In 2005, Nic Riosa took CRNZ to the Sports Dispute Tribunal after Ferguson won a spot at the World Marathon Champs in Perth ahead of him. The tribunal upheld CRNZ's decision but criticised the national body for its poor communication of selection criteria.

What has galled Fouhy the most about his selection dispute is that New Zealand will have no entrant in the K1 1000m.

"Steven Ferguson compared the proposed K1 1000m trial to Mahe Drysdale and Rob Waddell pre-Beijing, yet when given the spot he has elected not to race it."

At the heart of the dispute is the timing of the national trials and Fouhy's belief that CRNZ did not have to make them the be-all and end-all for selection for the world champs, to be held in Poland in August.

He felt with three months' training under his belt, he was at a significant disadvantage to Ferguson and could have missed selection for Europe.

That would have left him only one European season (2011) to prepare for the London Olympics and Fouhy believed it would have been pointless trying to mount a decent campaign with such a limited body of work behind him.

The 31-year-old wanted, if Ferguson was actually committed to the K1, for both of them to attend the world cup regattas in Europe. CRNZ instead elected to hold a trial this month and send just one paddler.

"When you consider that the sole objective of CRNZ is to win medals at the Olympics, perhaps you can understand why I feel that to potentially eliminate the only person who has won a medal in the past 20 years based simply on the timing of trials, which CRNZ had full control over, seemed futile.

"[However] I accepted CRNZ's stance on the matter, realised the writing was on the wall about what an uphill battle it would be get to medal standard with this kind of custodianship, and decided on balance to take myself out of the mix and to quietly move on with my life.

"CRNZ will endeavour to put their own spin, justifications and interpretations of selection rules on all of this, as they have at every contentious point in the past. I can only trust that my track record of honesty and world-class performances counts for something in peoples' judgments."

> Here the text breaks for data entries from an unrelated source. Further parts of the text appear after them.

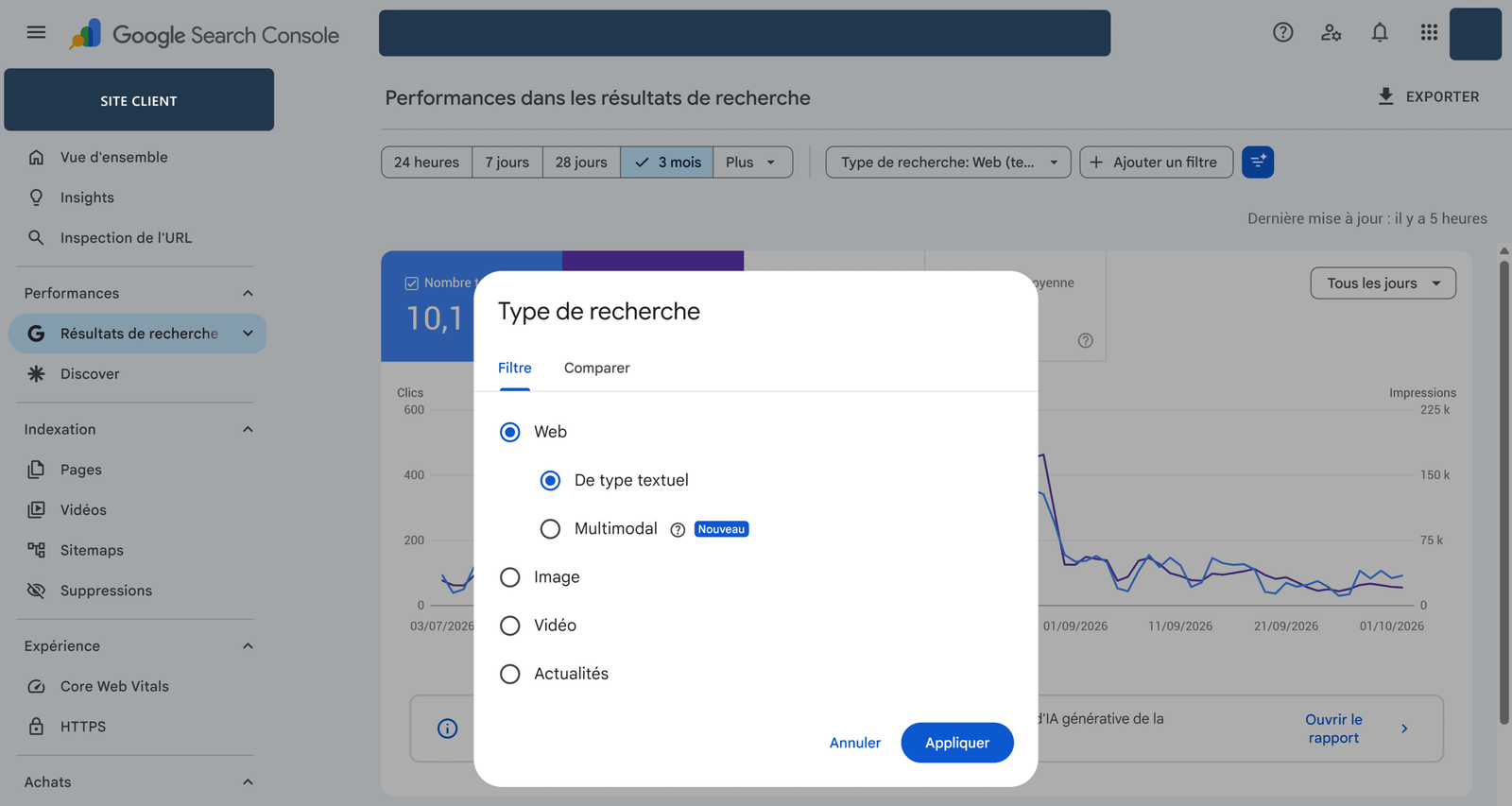 Sélecteur de type de recherche de la Google Search Console ouvert, montrant les options Web de type textuel, Multimodal marquée Nouveau, Image, Vidéo et Actualités.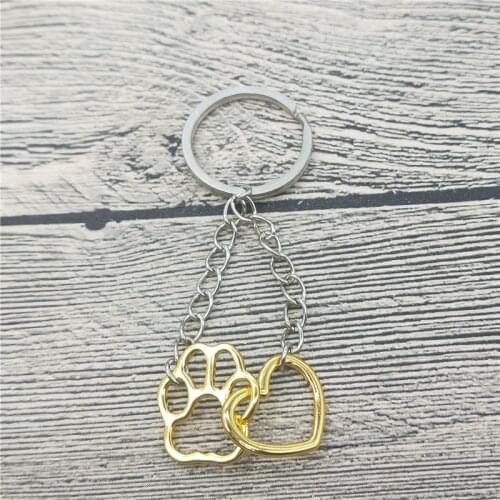 Hollow Pet Paw Footprint Keychain Shellhard Cute Animal Dog Cat Love Heart Pendant Keychain For Women Girls Jewelry Keychain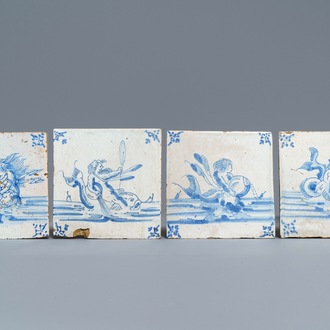 Vier blauwwitte Delftse tegels met zeewezens, Gent, eind 17e eeuw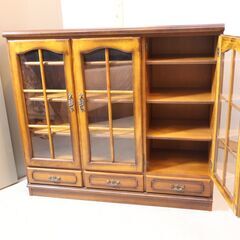 Karimoku(カリモク家具)の人気シリーズCOLONIAL(コロニアル)のHC4500NK サイドボードです。アメリカンカントリースタイルのクラシカルなリビングボードはお部屋を上品な空間に♪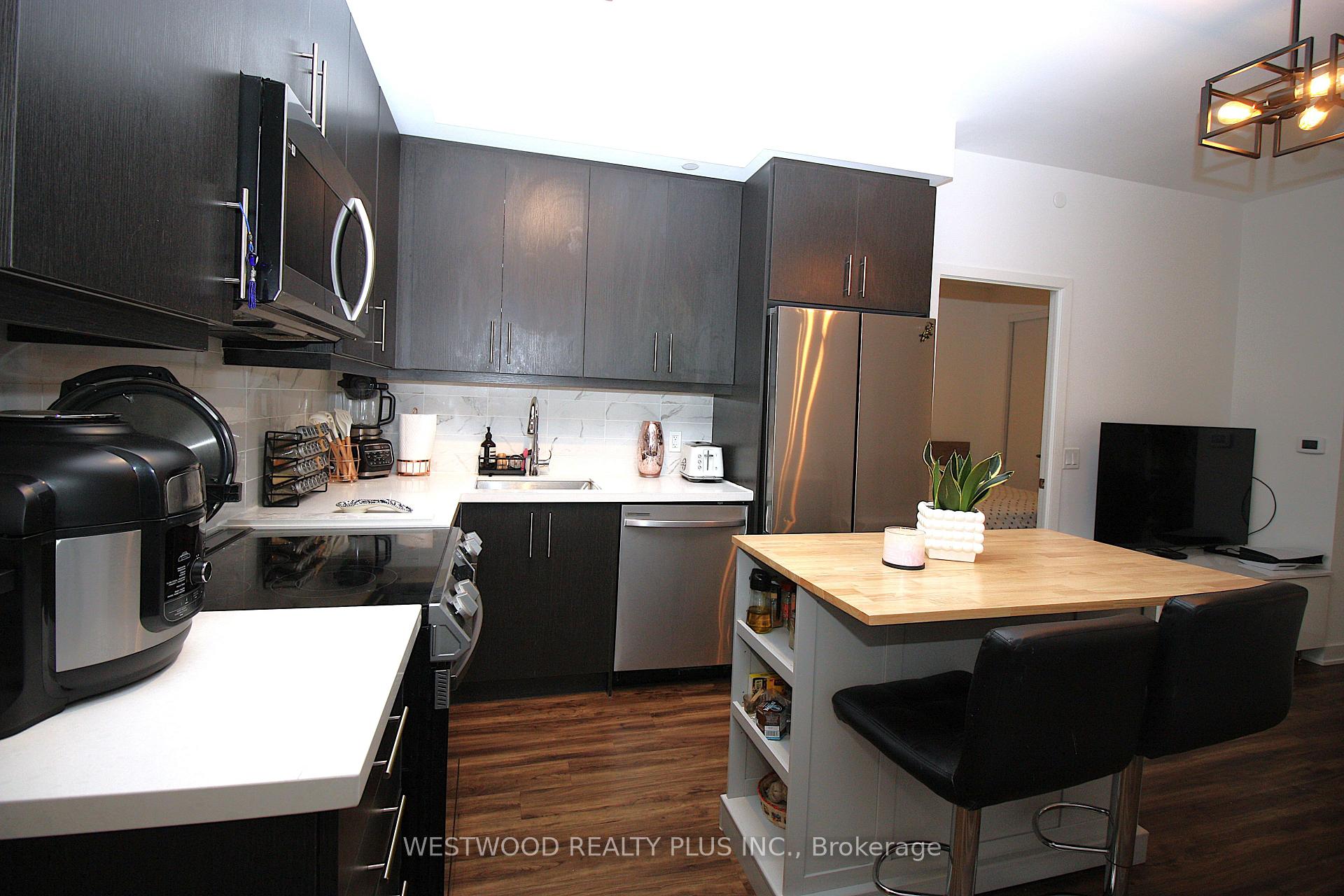 Photo 8 of Unit LPH04, 95 Oneida Crescent, Richmond Hill, Langstaff — HOMEH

Fouhy said he had competed in a combined 22 world cup, world championship and Olympic races and had missed the podium just seven times.

"I have never been outside of top five at a world championship final in the K1."

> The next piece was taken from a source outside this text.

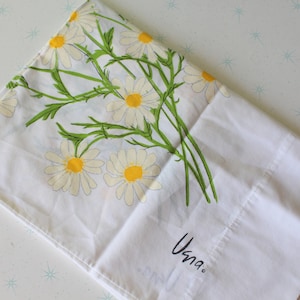 Vintage VERA Floral Pillowcase: 1970s Retro Mod Decor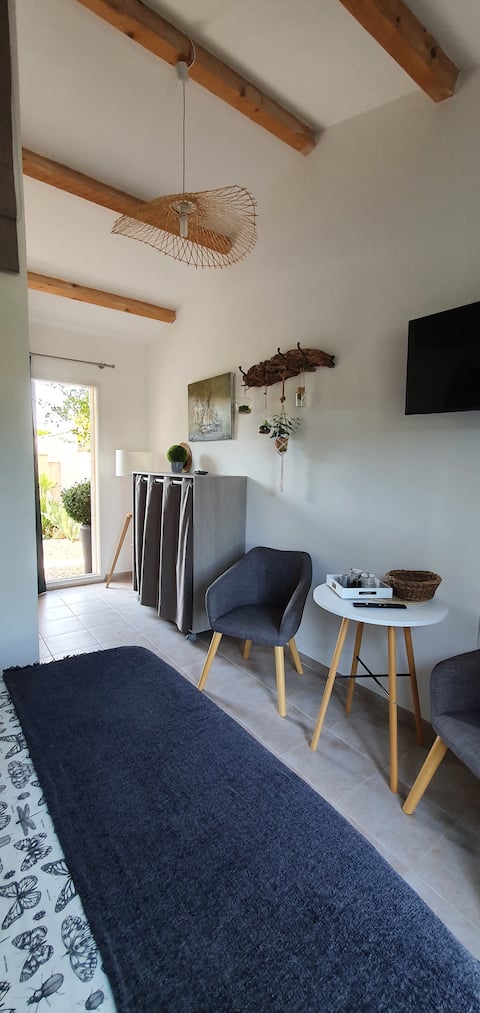 independent room near airport / private bathroom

It's those sort of statistics that has Walker shaking his head at the lunacy of the dispute.

"I can't believe that this hasn't gone to mediation and I happen to blame Sparc," Walker said. "Their stance has left no light at the end of the tunnel. They seem to think selection criteria is a great god that cannot be moved.

"It's a nonsense. If Ben was to focus and had the right people around him, he could front up and win a medal in London."

BEN FOUHY

* Fouhy took up kayaking seriously in 2002, following his interest in multisport events.
* In 2003, he won the world K1 1000m champs in Gainesville, Georgia.
* The following year he won silver at the Athens Olympics.
* After the Olympics he announced he was taking a break from kayaking to try cycling.
* In 2006, he finished third at the world champs in Szeged, Hungary.
* At the Beijing Olympics he finished fourth.